I got a friend here to let me try on the square college cap “mortar board,” and it fitted so nicely over my bow that I do not think I should be at all troubled by ideas of anything unusual being on my head; and I can take it off without trouble. Through your kind help I think all these arrangements are in perfect order, and I am looking forward much (preliminarily) to our meeting at Balmoral Hotel.
March 27, 1900.
I should have liked to beg a ticket besides the two which you kindly mention for my nephew, Arthur Ormerod, who has just taken his M.D., so I wired off to him at Oxford, but, to his great regret, he cannot come. I hope the weather will be better, but we have a good bright sunshine between the occasional light snow showers, and both Miss Hartwell and myself have good furred mantles, and with the snug small carriage all our own way, I think we shall do very well.

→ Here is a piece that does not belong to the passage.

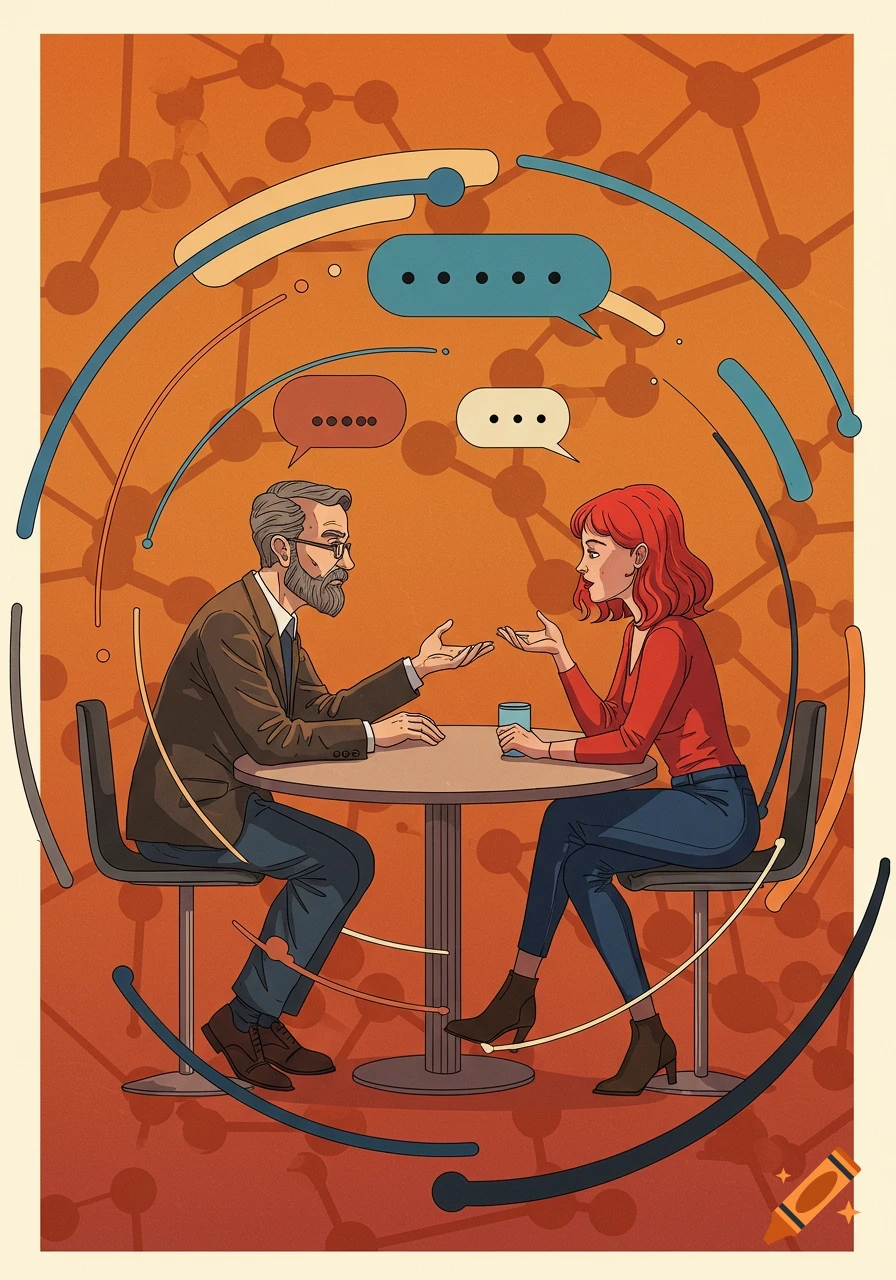 An illustration of a man and woman conversing at a table, surrounded by abstract lines and speech bubbles on an orange background.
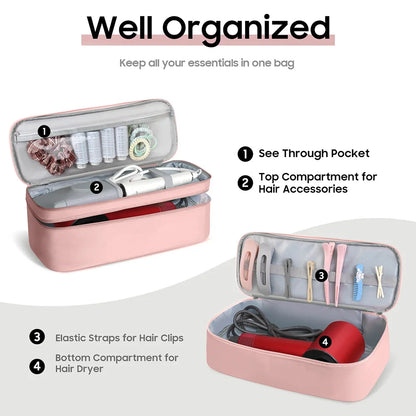 Portable Double-Layer Hair Dryer Travel Case – Storage Bag for Dyson, Shark FlexStyle & Attachments Organizer Carrying Case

What a sight the hall will be! also your small flock of aspirant doctors; may be as anxious in their minds as some one I know of. But I am really not alarmed. I am sure you will keep me right. What time of day does the ceremony begin? And what happens after?—do we retire respectively like rabbits to our own burrows?
March 29, 1900.
The pamphlet on the McEwan Hall [the number of the “Student” describing the opening of the Hall] is a great boon to me, and what a noble building!
While in Edinburgh my idea is to have lunch at one o’clock, my usual time, and a sort of miscellaneous meal at 6.30, and rest in the evening after it, and I shall think it a great compliment and a very great pleasure if friends may do me the favour to look in after, say, about two o’clock. It will be much safer for me, under present circumstances of wanting to keep fresh and strong for the day, not to go out, so I should be on the spot. Sir Wm. Muir and his daughter, Mrs. Arbuthnot, kindly wrote that they meant to look in, but it would be only a pleasure to me to see any friends. Please to consider me as quite under your guidance for this, to me, so very great occasion, and wholly thankful so to be, excepting in the feeling of the great trouble that you are kindly taking.
Yours very sincerely,
Eleanor A. Ormerod.
P.S.—Dr. E. L. thought it would be best for me to return by the Sunday night sleeping train, and the Midland manager has given permission for it to stop here on Monday morning.